The temple located in Bhainsa village consists of garbhagriha, antarala and pillared mandapa that adorn the various directions of the Temple. The central four pillars show some of the best sculptural representations. Shaivite dwarapalas (carrying damaru, trisula, gada etc. in their hands) are carved here on antarala doorjambs and dwarapala sculptures at the entrance of the temple. Due to this evidence, it was once considered to be a Shaiva Temple, but there was no presence of Shivalinga in the garbhagriha. Presently it is known as Gopalji Temple/Gopalkrishna mandir since the temple now has a Krishna idol which is kept here in the garbhagriha and worshipped by the local people. A Vaishnava temple, with structures belonging to Shaivism is considered unique and hence this temple is popular with historians, for its impressive history as well as the sculptures that adorn the walls and pillars.

- Narasimha Mandir
- Mysamma Mandir
- Shiva Temple
- Sri Mahadev Mandir
- Saibaba Temple
- Borra Ganesh Mandir
- Jatashankar Mandir
- Shani Mandir
- Maha Lakshmi Mandir
- Gopal Krishna Mandir

== Agriculture ==
Major crops include cotton, paddy, maize, vegetables and sugarcane.

Gaddenavagu or Suddavagu is a medium irrigation project across Suddavagu which is a tributary of Godavari near Bhainsa in Nirmal district. The reservoir is situated at a distance of 2 km northwest of Bhainsa. The project grounded in the year constituency.
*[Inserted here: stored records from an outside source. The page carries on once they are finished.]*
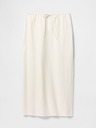 GAP Ľanová midi sukňa GAP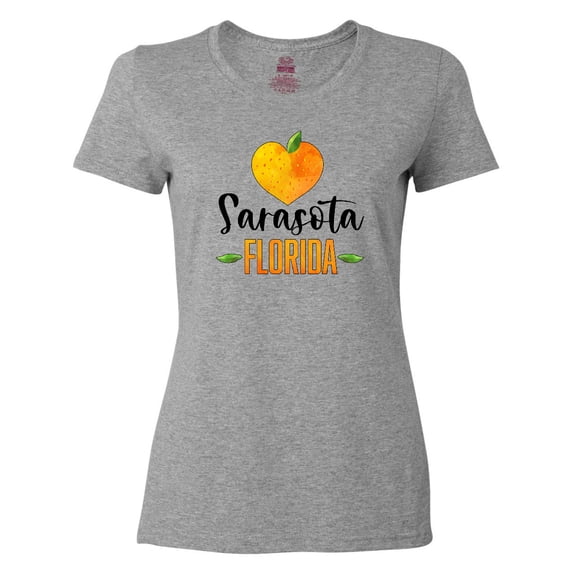 Inktastic Sarasota Florida Orange in Heart Women's T-Shirt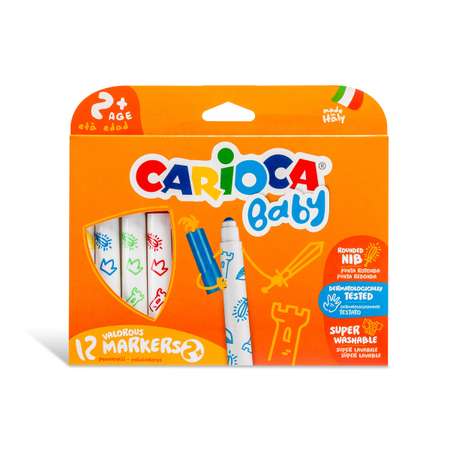 Фломастеры CARIOCA 12 цв.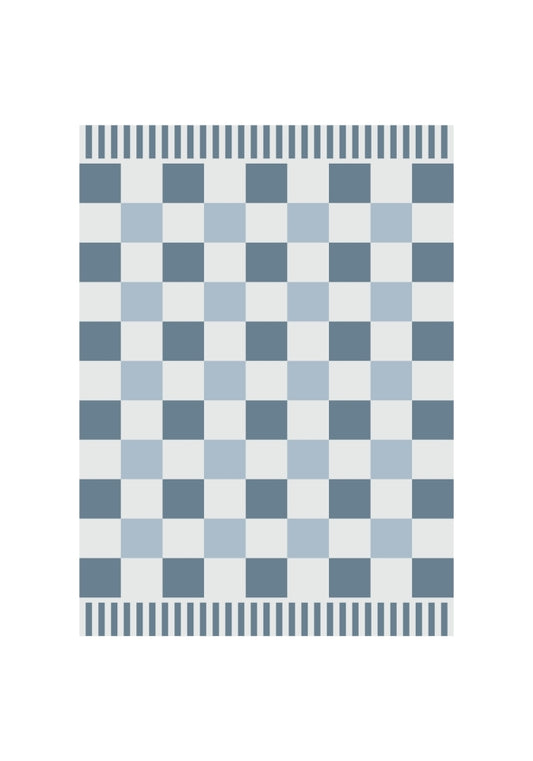 ◻️ Mosaic Check │ 22" x 30"│ PRE-ORDER • 9.09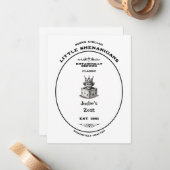 商標、小さなシェナニガン、カスタマイズ可能 ノートカード (正面/裏面インサイチュ)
The project commenced in 2000 and was completed during 2006.

The project provides irrigation potential to 20 villages in Lokeshwaram, Bhainsa, and Mudhole mandals for irrigating an ayacut of 14000 acres, as well as drinking water supply to Bhainsa town and 237 villages of Mudhole. Districts and mandals benefited Lokeshwaram, Bhainsa, and Mudhole mandals of Nirmal District IrrigationPotential (in acres):- Provides ayacut of 14000 acres in 20 villages of Nirmal district.